Still a Good Investment?

University Buildings at UCLA

University Buildings at UCLA

Over the years since I graduated from college, I’ve seen the cost of a university education climb to stratospheric levels. At the same time, I’ve seen massive unemployment among college graduates, sometimes even those with a postgraduate education. It forces me to think what I would do different if I had a couple of teenaged children to put through school (though in fact I have no children). Would I still at this date recommend that children go to college to improve their chances for the future?

Part of the problem is symbolized by that “One Way” sign in the above photo. It used to be that the object was to get everyone into college: It was a bargain back then. Even if the kids washed out within the first quarter or two, the thinking was that they were given the opportunity.

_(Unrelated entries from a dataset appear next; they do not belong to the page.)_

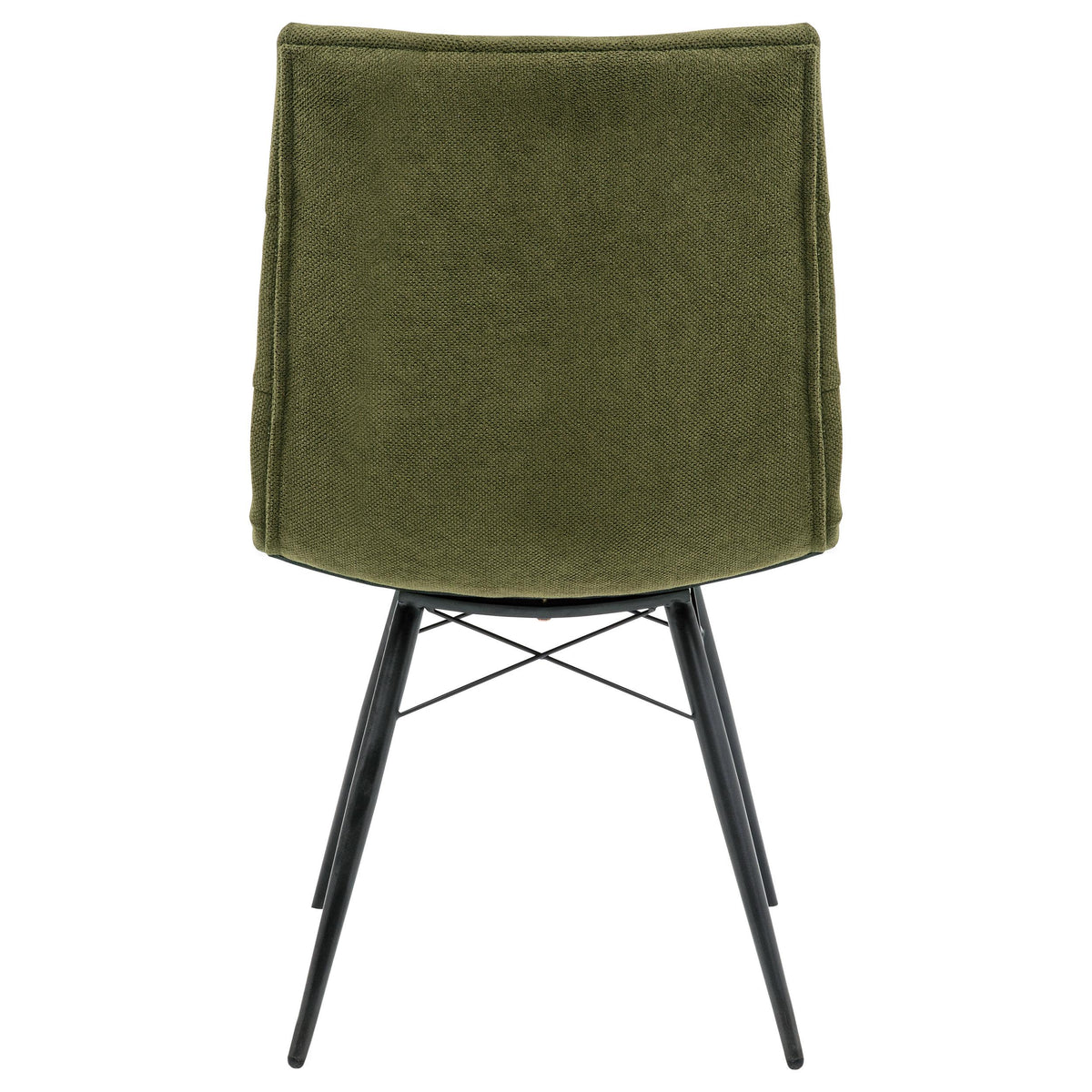 Aiken Forest green dining side chair, side view with tufted upholstery and black metal frame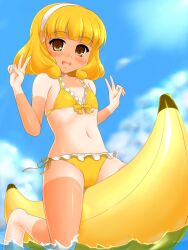  banana_boat bikini blonde_hair commentary_request double_v female flat_chest frilled_bikini frills hairband katsuragi_niya navel photoshop_(medium) precure riding short_hair smile_precure solo swimsuit tan tanlines v white_hairband yayoi_kise yellow_bikini yellow_eyes 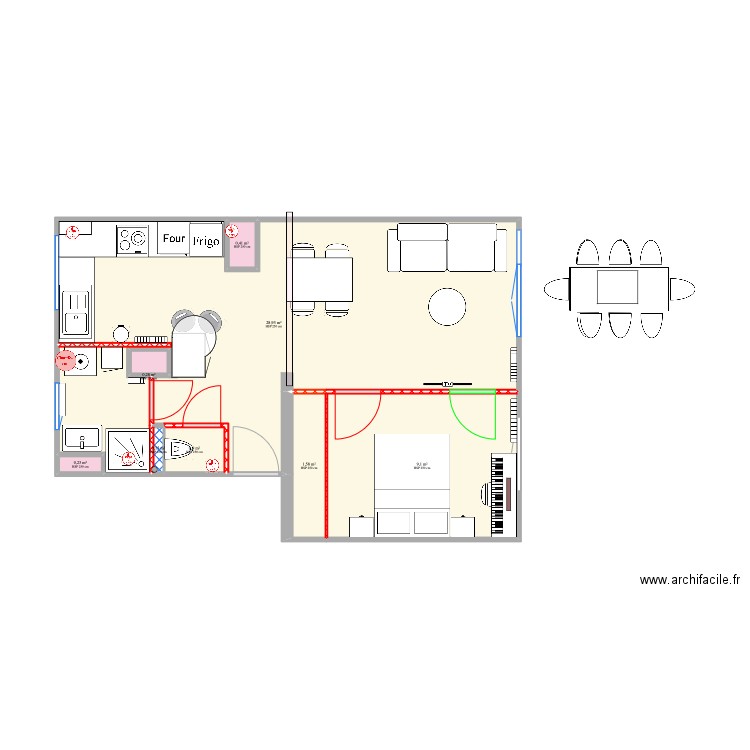 Saint-François_V Bis Meublé 5_Variante_20220912. Plan de 8 pièces et 42 m2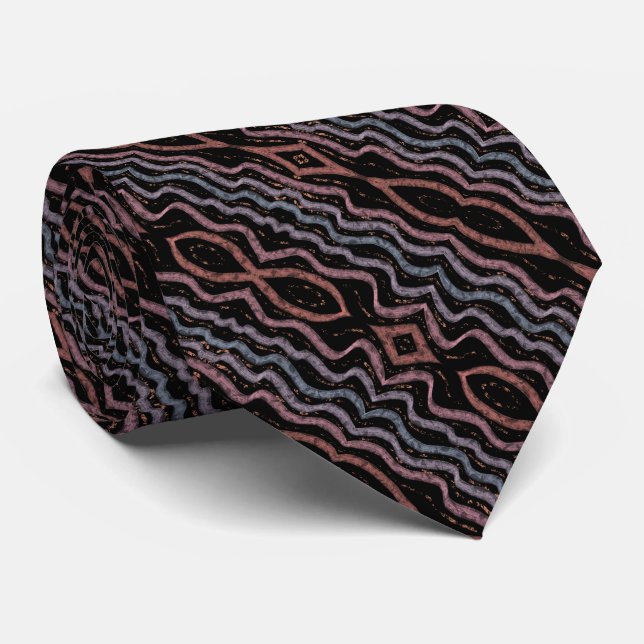 Viper Snake Skin Drawing Pattern With Soft Pastel  Tie (Rolled)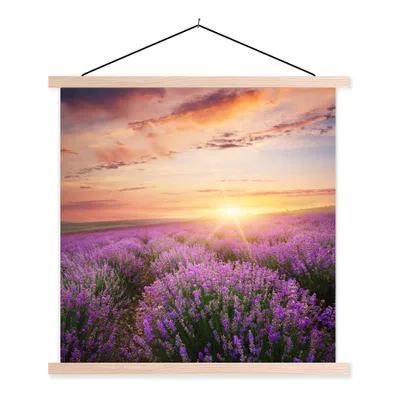 Produktbild von MuchoWow® Textilposter Lavendel - Sonne - Blumen 40x40 cm mit holzfarbenen Rahmen - Posterleiste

I went to an Ivy League college for four years—Dartmouth College in Hanover, New Hampshire—whose tuition back in the years 1962-66 was only $1,500 a year. With the dollar as it is today, that would be somewhere between $9,000 (using the CPI) to $27,200 (using the relative share of GDP) in 2012, the most recent year for which this calculation is available. For the academic year 2013-2014, Dartmouth’s tuition is now $45,445. The question I ask is this: Is a Dartmouth education worth twice as much as when I went to school? I think not. It’s still very good, but not at two to five times the cost.

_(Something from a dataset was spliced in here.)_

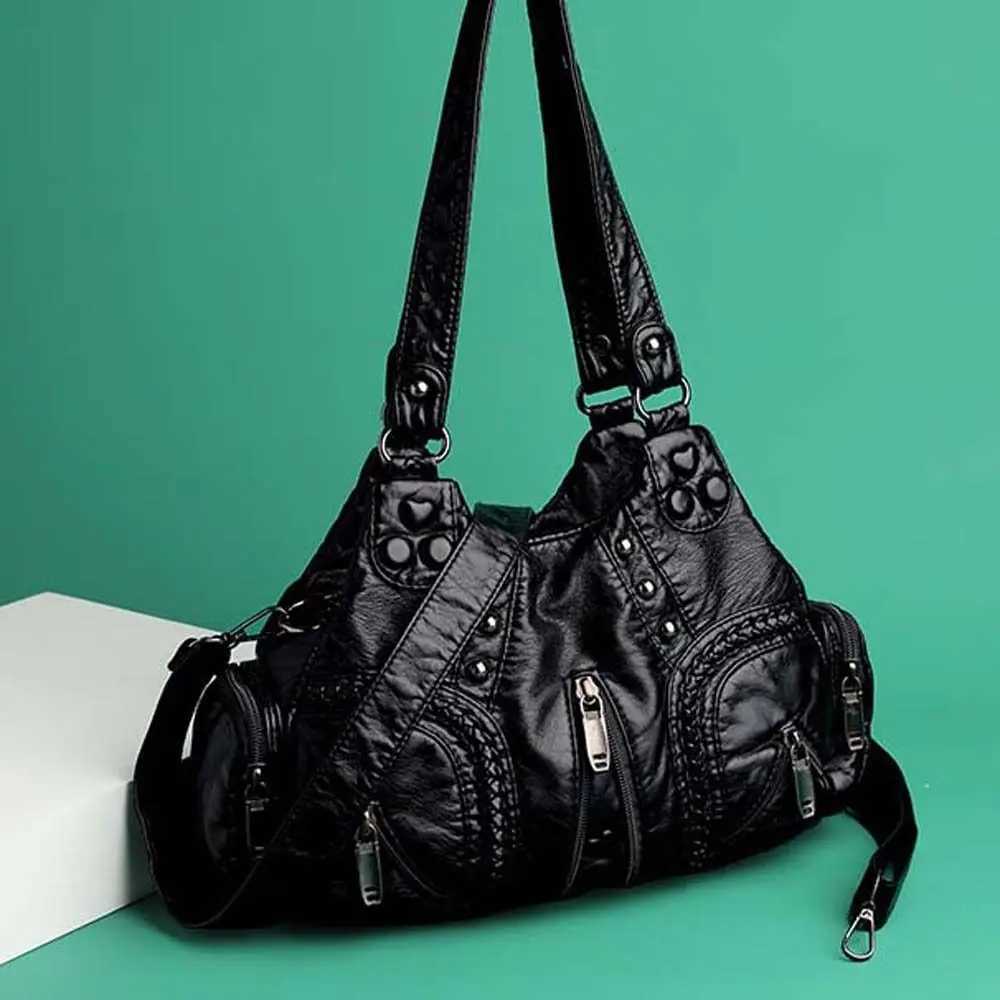 PU Leather PU Shoder Bag Style Large Capacity Underarm Bag French Style Solid Color Motorcycle Handbag Z250514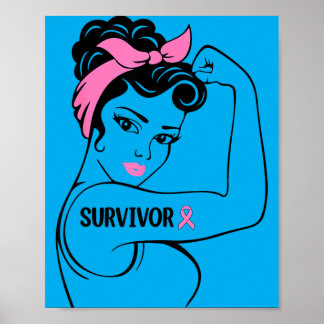 Affiche Survivante du cancer du sein Rosie Riveter nk Sens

Other related costs have also been skyrocketing. I am particularly incensed by textbooks that run to several hundreds of dollars each. I remember paying something under a hundred dollars for all the textbooks for an entire quarter. Admittedly, textbooks can be gorgeously produced with nice bindings and four-color illustrations, but is that always necessary? I can see where these expensive productions will eventually be replaced by software programs, but even then the temptation will be to charge more than they are worth, even after the production costs for multiple copies have plummeted.

So, what to do? There isn’t much chance that youth between the ages of eighteen and twenty-one will find jobs that at the same time do not require a college education, yet provide a reasonable opportunity for advancement. How does one advance after a job flipping hamburgers or selling tee shirts? A college degree will help, even though it has been devalued over the years. It costs twice as much in real dollars, yet probably isn’t as good as it was when my generation was on campus.

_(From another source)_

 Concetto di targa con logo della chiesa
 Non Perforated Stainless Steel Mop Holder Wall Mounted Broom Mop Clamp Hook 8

I still urge kids whose intellects are sharp to go to college whenever they can. It doesn’t have to be the best college, but it should be a decent one (and I don’t mean something like the University of Phoenix and its imitators). To get a good job after graduation, some thought has to be put into a good choice of a major. Perhaps it would help to have some kind of certification in certain subjects attesting to a student’s proficiency in, say, writing or mathematics. If instituted, it may even replace the whole notion of a major; and it may help grads with multiple certifications to have different options to choose from when looking for a job.

In 1966, I graduated with a major in English. Then I went on for two years at UCLA in motion picture history and criticism, stopping short of getting my M.A. for mostly political reasons. (The instructor I hated most got himself appointed to head up my thesis committee, upon which I switched over into computer software.) It was a good thing that I had taught myself how to become conversant with computers at Dartmouth, where every student was allowed free time on the Dartmouth Time-Sharing System, the nation’s first. That kind of flexibility to switch among career alternatives is becoming more important than ever.